The only way (I can think of right now) one can distribute the units would be, that each dual issue scheduler delivers its instructions to a set of 3 vec16 ALUs, 8 L/S units und 8 SFUs. That basically means one SMX would be a package of four GF104 style SMs (somwhat reminiscent of G80/GT200) where the hotclock and one scheduler got lost (and the local memory, TMUs and some other stuff are shared). The scheduler can issue each cycle two instructions from one thread and alternates each cycle between "even" and "odd" threads (same would then be true for the register access, maybe that's why one can identify 8 vector register files in each SMX, even and odd threads have separate register files). Or maybe a better picture: a scheduler issues up to 4 instructions from two threads every two clock cycles. Or the scheduler issues each cycle a single instruction from two threads (and the vecALU the instruction got issued to is blocked in the next cycle because one can issue an instruction for a 32 element warp only every second cycle to a vALU with 16 lanes).
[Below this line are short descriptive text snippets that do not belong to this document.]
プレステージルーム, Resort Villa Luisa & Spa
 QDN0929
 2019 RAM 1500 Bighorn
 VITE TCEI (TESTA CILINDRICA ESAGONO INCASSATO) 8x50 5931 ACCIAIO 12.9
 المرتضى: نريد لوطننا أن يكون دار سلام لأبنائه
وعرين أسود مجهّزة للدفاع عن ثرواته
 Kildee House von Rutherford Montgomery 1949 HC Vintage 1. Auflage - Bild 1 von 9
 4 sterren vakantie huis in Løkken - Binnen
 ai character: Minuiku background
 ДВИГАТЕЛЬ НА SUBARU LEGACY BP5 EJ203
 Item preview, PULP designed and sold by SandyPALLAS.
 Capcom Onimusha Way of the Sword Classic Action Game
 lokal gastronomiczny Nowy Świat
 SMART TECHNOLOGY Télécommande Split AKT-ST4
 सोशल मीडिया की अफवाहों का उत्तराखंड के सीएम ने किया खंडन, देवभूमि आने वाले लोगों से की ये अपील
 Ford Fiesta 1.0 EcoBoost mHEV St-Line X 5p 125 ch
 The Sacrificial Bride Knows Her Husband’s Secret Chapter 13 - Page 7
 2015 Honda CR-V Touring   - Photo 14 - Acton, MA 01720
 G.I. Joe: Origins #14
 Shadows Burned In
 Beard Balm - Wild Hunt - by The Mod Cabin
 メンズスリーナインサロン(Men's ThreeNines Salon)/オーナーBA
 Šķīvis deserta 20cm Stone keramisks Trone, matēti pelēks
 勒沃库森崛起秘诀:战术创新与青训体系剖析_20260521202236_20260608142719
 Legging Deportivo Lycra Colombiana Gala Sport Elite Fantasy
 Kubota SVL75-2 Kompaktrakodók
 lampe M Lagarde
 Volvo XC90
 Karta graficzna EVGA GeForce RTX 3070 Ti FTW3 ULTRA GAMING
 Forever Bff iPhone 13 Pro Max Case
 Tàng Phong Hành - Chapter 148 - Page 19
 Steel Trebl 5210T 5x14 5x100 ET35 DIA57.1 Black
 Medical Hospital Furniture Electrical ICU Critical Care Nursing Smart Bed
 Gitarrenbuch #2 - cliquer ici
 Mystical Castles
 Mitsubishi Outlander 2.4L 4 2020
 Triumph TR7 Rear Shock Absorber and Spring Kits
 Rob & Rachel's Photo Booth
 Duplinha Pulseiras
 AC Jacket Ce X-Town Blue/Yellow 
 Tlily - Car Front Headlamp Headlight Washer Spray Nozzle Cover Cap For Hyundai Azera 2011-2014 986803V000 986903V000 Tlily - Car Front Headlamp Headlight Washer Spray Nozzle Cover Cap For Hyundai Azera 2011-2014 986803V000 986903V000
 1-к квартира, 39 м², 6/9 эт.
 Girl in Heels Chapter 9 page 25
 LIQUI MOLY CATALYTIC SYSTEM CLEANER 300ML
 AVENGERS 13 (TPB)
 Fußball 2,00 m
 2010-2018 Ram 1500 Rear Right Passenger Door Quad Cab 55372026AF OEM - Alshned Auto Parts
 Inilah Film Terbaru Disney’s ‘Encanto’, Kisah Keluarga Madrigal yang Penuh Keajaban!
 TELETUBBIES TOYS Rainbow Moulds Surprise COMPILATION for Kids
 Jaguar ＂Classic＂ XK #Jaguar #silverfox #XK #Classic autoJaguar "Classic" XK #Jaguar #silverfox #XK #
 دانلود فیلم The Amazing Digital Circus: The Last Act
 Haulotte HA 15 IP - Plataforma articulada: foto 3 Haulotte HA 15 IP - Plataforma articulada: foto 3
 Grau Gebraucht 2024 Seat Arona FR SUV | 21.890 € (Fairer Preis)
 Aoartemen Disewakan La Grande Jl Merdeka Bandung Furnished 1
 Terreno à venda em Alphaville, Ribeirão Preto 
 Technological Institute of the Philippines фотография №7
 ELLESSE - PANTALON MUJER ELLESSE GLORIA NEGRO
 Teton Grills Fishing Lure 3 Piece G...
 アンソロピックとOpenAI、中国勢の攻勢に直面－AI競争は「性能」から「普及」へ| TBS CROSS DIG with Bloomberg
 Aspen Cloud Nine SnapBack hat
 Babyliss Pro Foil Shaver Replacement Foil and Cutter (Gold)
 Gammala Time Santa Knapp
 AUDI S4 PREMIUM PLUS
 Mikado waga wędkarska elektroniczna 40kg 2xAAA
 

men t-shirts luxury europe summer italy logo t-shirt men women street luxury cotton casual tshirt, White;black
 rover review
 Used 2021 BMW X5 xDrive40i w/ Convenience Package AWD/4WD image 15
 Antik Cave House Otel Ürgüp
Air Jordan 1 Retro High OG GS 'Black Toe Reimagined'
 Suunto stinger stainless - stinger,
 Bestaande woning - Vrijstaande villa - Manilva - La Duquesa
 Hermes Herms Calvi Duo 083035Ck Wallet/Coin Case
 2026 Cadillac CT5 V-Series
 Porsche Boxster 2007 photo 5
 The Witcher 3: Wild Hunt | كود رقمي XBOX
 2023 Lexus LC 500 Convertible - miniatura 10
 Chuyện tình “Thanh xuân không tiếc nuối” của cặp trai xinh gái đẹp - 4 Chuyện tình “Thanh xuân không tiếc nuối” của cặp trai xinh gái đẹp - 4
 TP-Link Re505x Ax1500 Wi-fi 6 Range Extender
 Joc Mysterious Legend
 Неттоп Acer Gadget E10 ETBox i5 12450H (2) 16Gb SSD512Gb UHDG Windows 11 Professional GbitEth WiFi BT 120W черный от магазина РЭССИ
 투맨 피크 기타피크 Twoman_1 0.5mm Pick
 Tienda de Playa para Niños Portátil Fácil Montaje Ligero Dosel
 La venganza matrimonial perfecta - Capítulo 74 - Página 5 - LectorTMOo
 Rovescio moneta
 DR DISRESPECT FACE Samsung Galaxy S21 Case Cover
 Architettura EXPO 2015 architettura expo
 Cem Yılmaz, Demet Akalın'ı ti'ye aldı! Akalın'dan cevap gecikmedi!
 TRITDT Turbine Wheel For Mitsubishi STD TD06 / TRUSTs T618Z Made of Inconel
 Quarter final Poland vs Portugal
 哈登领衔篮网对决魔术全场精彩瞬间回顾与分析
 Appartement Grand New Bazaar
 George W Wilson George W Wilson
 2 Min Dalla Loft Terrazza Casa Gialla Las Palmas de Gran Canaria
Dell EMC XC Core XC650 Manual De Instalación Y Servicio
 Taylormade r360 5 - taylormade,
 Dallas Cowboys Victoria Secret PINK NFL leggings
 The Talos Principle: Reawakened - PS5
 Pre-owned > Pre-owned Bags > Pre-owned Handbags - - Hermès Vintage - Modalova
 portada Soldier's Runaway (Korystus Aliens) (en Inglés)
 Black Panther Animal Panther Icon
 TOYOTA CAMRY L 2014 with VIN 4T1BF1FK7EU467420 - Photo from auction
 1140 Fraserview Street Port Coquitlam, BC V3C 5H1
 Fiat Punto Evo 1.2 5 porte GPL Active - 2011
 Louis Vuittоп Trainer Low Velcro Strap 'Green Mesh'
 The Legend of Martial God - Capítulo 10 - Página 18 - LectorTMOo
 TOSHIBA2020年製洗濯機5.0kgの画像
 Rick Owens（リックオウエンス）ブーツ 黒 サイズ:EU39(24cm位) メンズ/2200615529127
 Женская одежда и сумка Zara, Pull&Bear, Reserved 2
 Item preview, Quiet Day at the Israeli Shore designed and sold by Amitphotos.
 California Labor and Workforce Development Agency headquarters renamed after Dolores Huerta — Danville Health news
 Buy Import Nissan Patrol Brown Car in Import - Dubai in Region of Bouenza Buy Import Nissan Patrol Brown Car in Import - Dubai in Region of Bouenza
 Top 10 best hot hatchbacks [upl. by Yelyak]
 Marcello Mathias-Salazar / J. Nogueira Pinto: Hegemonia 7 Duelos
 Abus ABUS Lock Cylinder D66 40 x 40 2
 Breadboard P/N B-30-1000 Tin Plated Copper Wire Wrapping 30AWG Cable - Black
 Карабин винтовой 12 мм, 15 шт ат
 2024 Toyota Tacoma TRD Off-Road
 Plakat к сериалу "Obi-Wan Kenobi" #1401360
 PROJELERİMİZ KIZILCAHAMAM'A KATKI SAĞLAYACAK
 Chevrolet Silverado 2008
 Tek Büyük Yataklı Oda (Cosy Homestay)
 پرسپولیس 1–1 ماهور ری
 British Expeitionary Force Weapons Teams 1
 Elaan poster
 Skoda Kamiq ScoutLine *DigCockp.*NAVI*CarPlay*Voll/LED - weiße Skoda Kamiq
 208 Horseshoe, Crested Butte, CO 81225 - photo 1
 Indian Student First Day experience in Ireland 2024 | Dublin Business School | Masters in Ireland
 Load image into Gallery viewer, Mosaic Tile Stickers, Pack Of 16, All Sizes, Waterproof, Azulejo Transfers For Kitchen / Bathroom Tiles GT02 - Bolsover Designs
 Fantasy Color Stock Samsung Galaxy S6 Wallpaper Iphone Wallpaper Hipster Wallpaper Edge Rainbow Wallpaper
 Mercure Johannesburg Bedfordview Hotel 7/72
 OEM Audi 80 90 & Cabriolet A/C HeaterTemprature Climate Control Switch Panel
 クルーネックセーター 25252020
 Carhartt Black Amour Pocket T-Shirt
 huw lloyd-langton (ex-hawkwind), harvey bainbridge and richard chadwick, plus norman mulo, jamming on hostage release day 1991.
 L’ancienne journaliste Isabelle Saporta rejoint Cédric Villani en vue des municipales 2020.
The last version would basically work like the two single issue schedulers in a GF100/110 SM, just that the scheduler run at the same clock as the ALUs and can therefore supply more of them.
Has someone a clever idea how this really works?
PS:
If they didn't have a similar mistake in that slides as during the Fermi presentation, the total register space is the same as with GF100/GF110 (2 MB), so really tiny compared to Tahiti (8 MB). I have a hard time believing that number, considering the similarity of the ALU count of GK104 and Tahiti. I would expect double the value given in that slide (4 MB), i.e. 512 kB per SMX or 128kB per Scheduler.
But also the local memory/L1 is quite small (still 64kB) considering how many threads/workgroups on one SMX have to share it.